→ Information shown:
------------------------------------------------------------------------

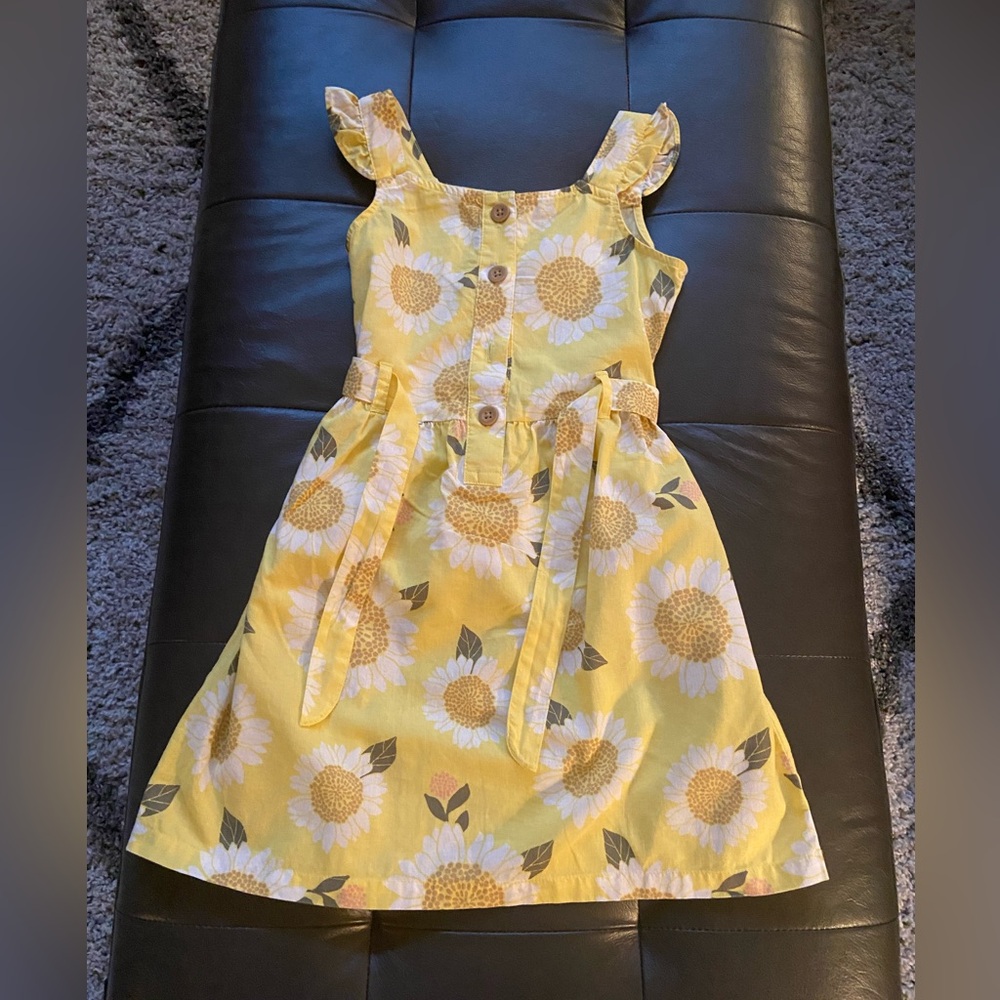 Carter’s girls dress size 7/7A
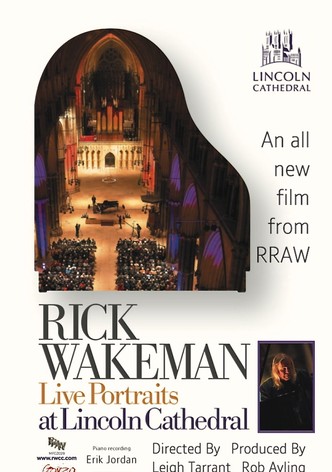 Rick Wakeman - Live Portraits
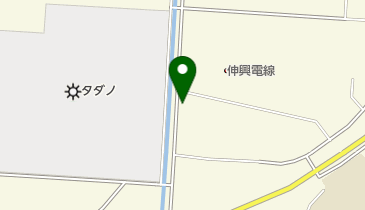 香川県 鴨部川流域下水道志度汚水中継ポンプ場の地図画像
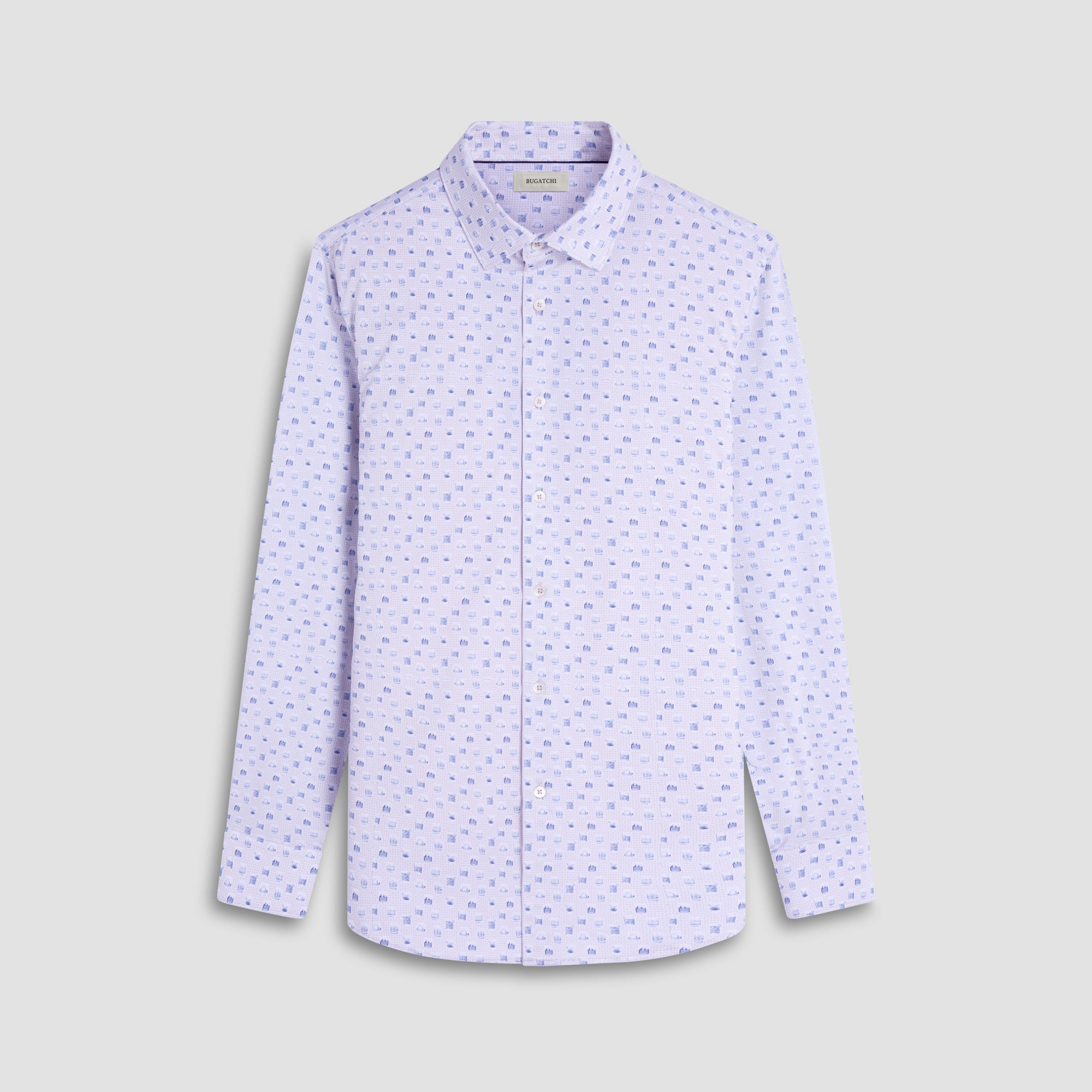 James Whiskey OoohCotton Shirt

------------------------------------------------------------------------

→ Problem: Without including any pictures, reproduce the data exactly.

→ Written answer:
 Carter’s girls dress size 7/7A
 Rick Wakeman - Live Portraits
 香川県 鴨部川流域下水道志度汚水中継ポンプ場の地図画像
 James Whiskey OoohCotton Shirt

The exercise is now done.